Travel Agents and Cold Calling
For those who may be unfamiliar with the term, cold calling is the process of approaching people (or in some cases companies) with whom you have no prior contact or relationship, with the goal of identifying them as prospects. Prospects then enter your “sales funnel” to be qualified and moved toward a purchasing decision.
(If anything in that sentence was unfamiliar to you, don’t worry. The Home-Based Travel Agent Success Course contains an entire module on sales skills as they apply to selling travel. It will teach you everything from prospecting to qualifying to presenting travel products, to dealing with objections, to closing the sale. Other modules in the course will walk you through the process of making solid bookings.)

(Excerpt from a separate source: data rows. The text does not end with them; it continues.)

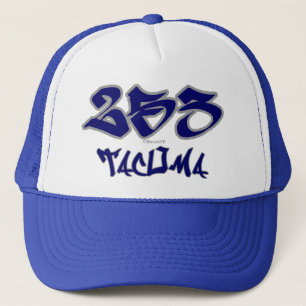 Casquette Représentant Tacoma (253)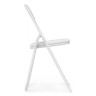 Стулья Fold 1 складной white / white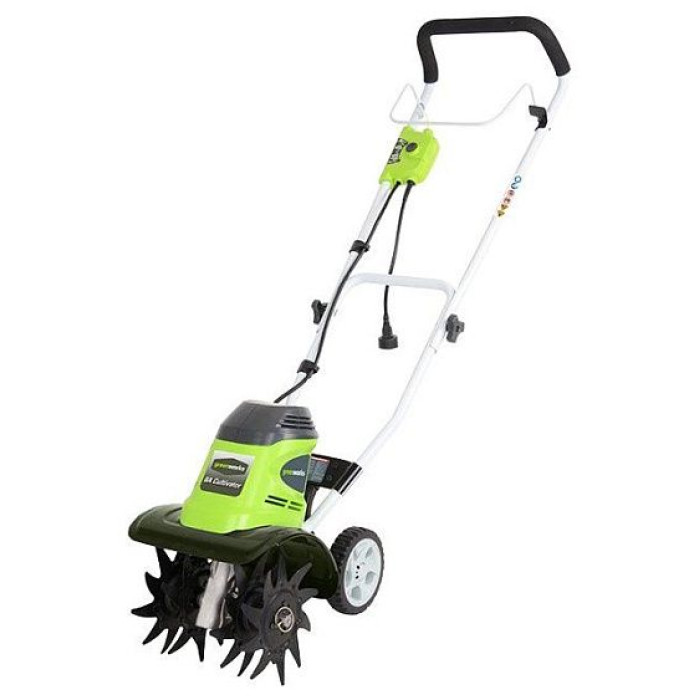 Культиватор электрический GREENWORKS GTL9526 Культиватор электрический GREENWORKS GTL9526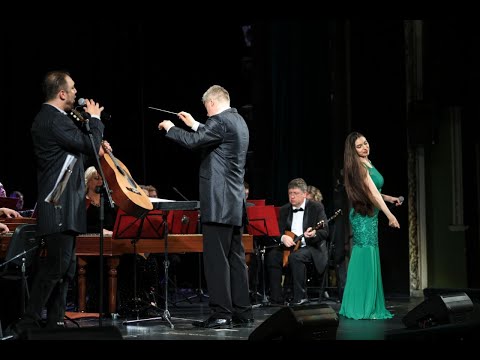 Видео: Вера Жемчужная, Михаил Савельев - АОРНИ им.Н.Н.Некрасова ВГТРК - "От зари до зари"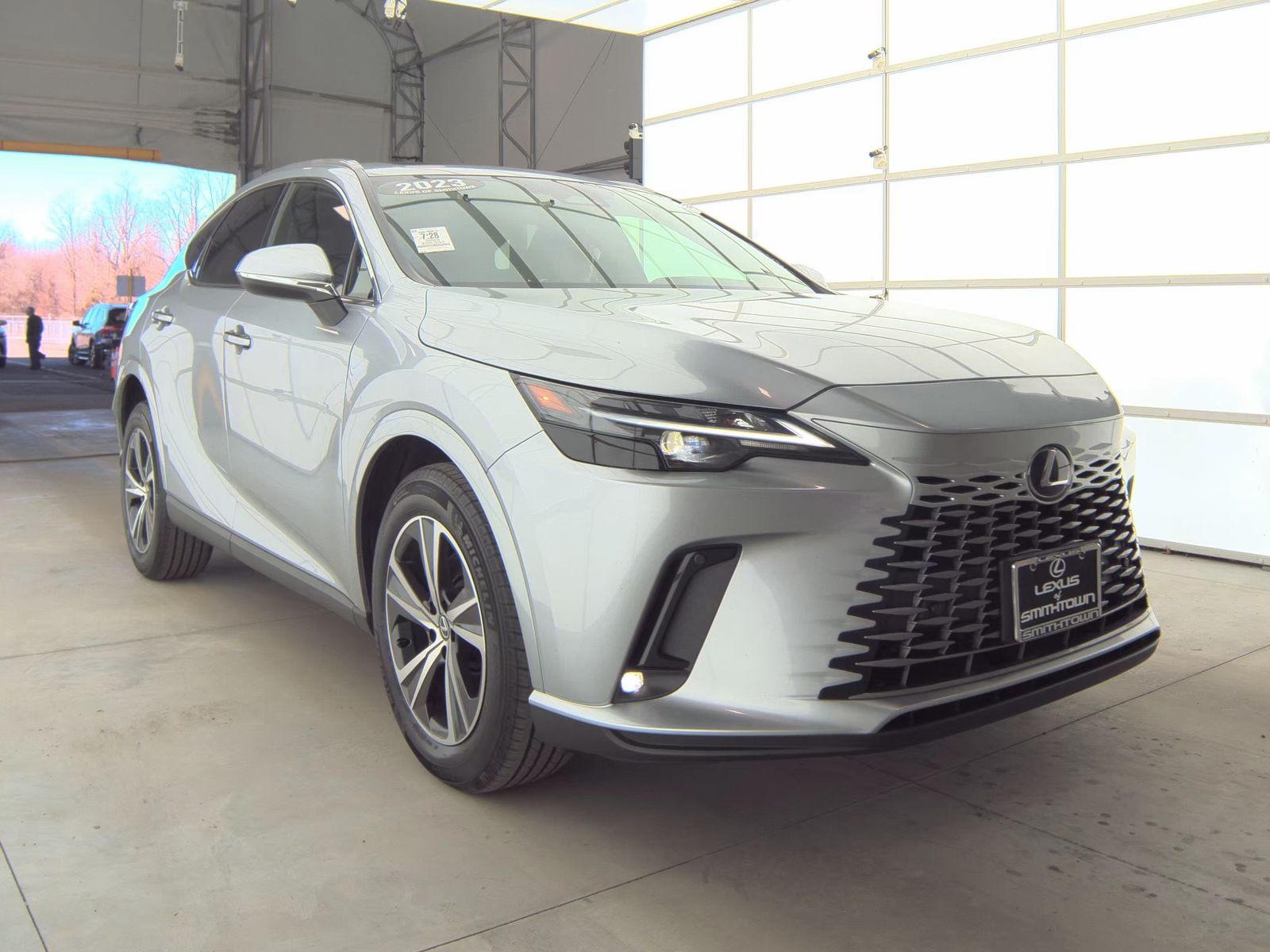 2023 Lexus RX RX 350 Premium AWD
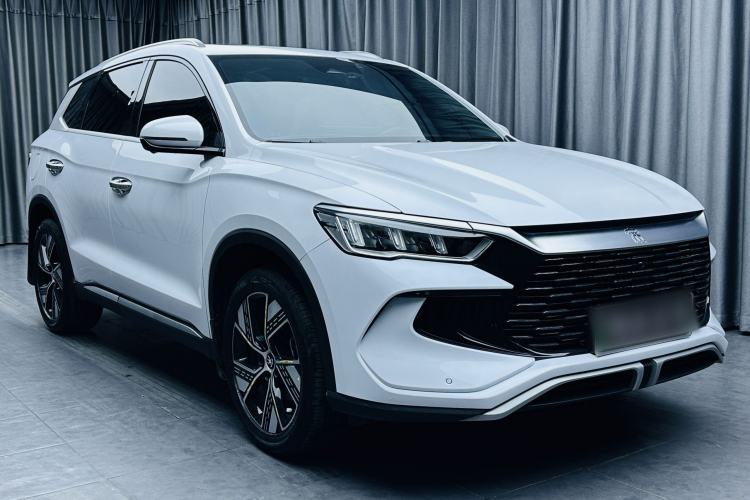 Used BYD Song Pro New Energy 2023 Champion Edition DM-i 110KM Excellence Model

If you want to make cold calls — and believe it or not there are some salespeople who absolutely love making them — by all means do so. However, I would recommend starting with your so-called “warm market” — people you already know. The obvious people in this category are friends and family, but it can extend to acquaintances you have through work, your house of worship, clubs and associations. Another excellent source of clients is the professionals to whom you have been giving business over the years — doctors, dentists, lawyers, accountants, pastors, and so forth.
Yet another source of clients is referrals. Of course, your best referrals are a bit down the road, if you are just starting out. They will come after your first clients have completed their trips and have experienced your terrific customer service.
But there is another, often overlooked, source of referrals you can begin tapping immediately. That is friends and acquaintances of friends and acquaintances. Your dentist doesn’t have plans for a cruise in the near future? Maybe he knows someone who is dying to take a cruise and would be willing to refer you.
There’s an old saying, “Never say never,” but in general I would discourage making “onesy-twosy” cold calls; that is, to individuals who (assuming you are successful) will be booking a trip for one or two people. There are more efficient and remunerative ways to spend your time.
In my opinion, the best cold calls are those made to companies, associations, clubs, church groups, and so forth, calls that can lead to extremely lucrative group bookings. But that’s an advanced technique and you really should have a good bit of experience under your belt before you attempt it. Otherwise, your lack of expertise can trip you up and cost you a sale — not to mention damage your reputation as a knowledgeable travel agent.
Selling Travel on the Internet
A surprising number of people think that being a home-based travel agent means setting up a website (or having one set up for you) and then sitting back while the bookings and commissions roll in.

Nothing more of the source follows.